In casu, nada disto foi feito, já que, em desobediência àquelas prescrições legais, V foi constituído arguido e prestou TIR sem que lhe fosse nomeado, então, defensor e intérprete idóneo.
É certo que dos autos consta constituição de arguido, bem como TIR em romeno, contudo tal não deve ser confundido com a nomeação de intérprete idóneo que é algo distinto.
As consequências da inobservância das prescrições legais estabelecidas para a prática dos atos processuais, estão reguladas nos artigos 118.º a 123.º, do CPP, embora de forma não exaustiva, já que há muitas outras dispersas pela lei processual penal.
A falta de nomeação de intérprete é, em casos como o dos autos, em que a lei a considera obrigatória, cominada no artigo 120.º, n.º 2, alínea c), do CPP, apenas com nulidade dependente de arguição.
E, uma vez que nos atos em causa, que são a constituição de arguido e a prestação de TIR, esteve presente o interessado, que a eles assistiu, resulta do n.º 3 do citado artigo 120.º, do CPP, bem como do artigo 123.º do mesmo diploma, que a arguição da respetiva nulidade de falta de intérprete, devia ter sido feita antes que o ato tivesse terminado.

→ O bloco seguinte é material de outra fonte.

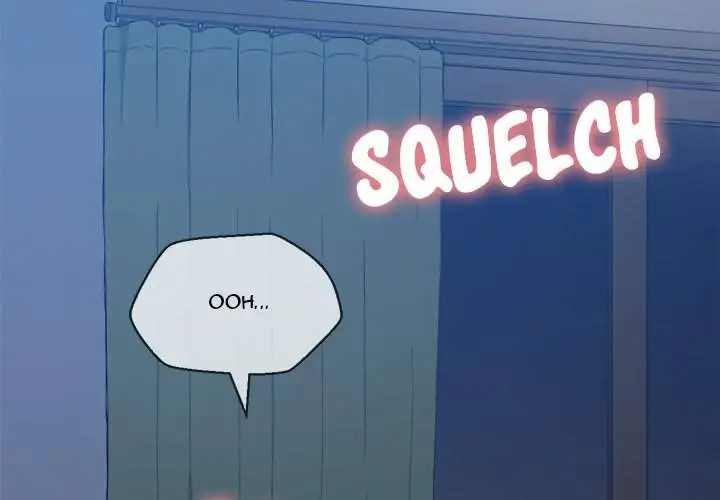 image-komik-my-high-school-bully-chapter-42-4/157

Pelo que, não tendo o arguido, nos próprios atos, ocorridos em 13.06.2023, invocado a irregularidade cometida e resultante da falta de nomeação de intérprete, e mesmo a conceder- se que poderia socorrer-se do prazo geral de 10 dias definido no artigo 105.º, do CPP, sempre ele se mostraria ultrapassado quando, em 03.01.2024, na contestação, arguiu pela primeira vez a nulidade em causa.

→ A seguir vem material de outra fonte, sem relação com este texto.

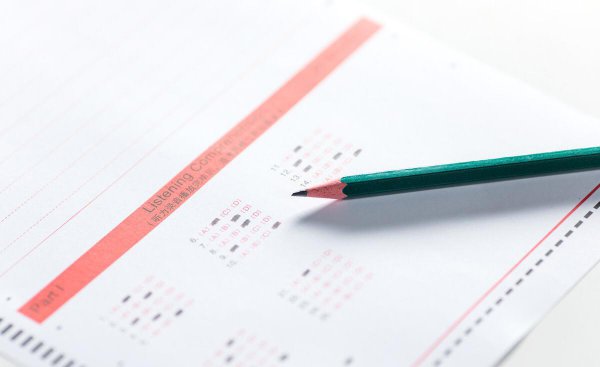 上班族初中毕业想提高学历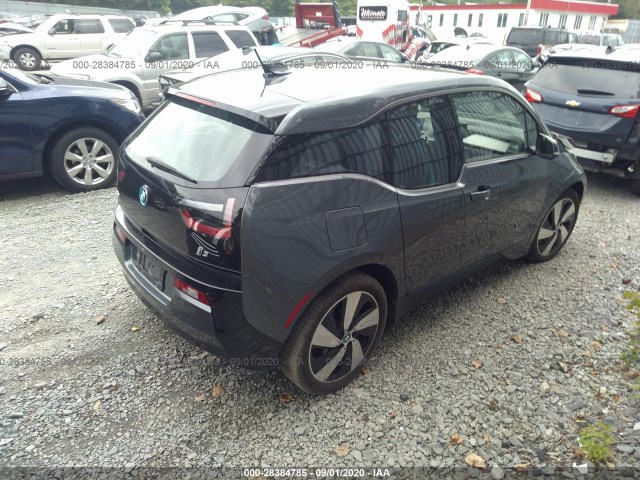 WBY1Z4C52GV508829  bmw i3 2016 IMG 3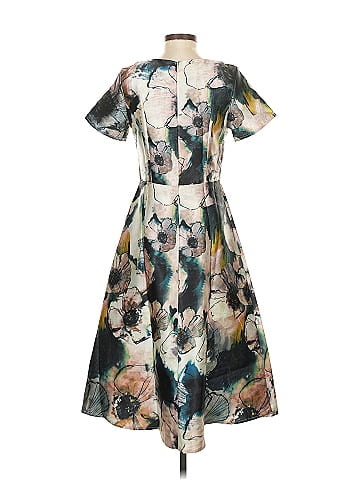 The Style London Cocktail Dress (view 2)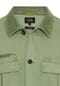 camel active Overshirt mit Pattentaschen und 2-Wege Stretch Bild 9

Assim tendo ficado definitivamente sanada, por falta de arguição atempada, a nulidade referente à falta de nomeação de intérprete idóneo.
A situação, contudo, já é bem diferente no que respeita à falta de nomeação de defensor em ato processual em que intervenha desconhecedor da nossa língua, como aconteceu in casu, igualmente nos atos de constituição de arguido e prestação de TIR, pois o artigo 119.º, alínea c), do CPP, comina tal falta com nulidade insanável, que deve ser oficiosamente declarada em qualquer fase do processo.
Dispondo, depois, o artigo 122.º, n.º 1 do mesmo diploma, que as nulidades, não tornam só inválido o ato em que se verificarem, mas também aqueles que dele dependerem e que aquelas puderem afetar. Impondo, inclusive, os n.ºs 2 e 3 do mesmo preceito que o juiz, ao declarar a nulidade, determine quais os atos que passam a considerar-se inválidos e ordene, sempre que necessário e possível, a sua repetição, além de que deve aproveitar todos os atos que puderem ser salvos do efeito daquela.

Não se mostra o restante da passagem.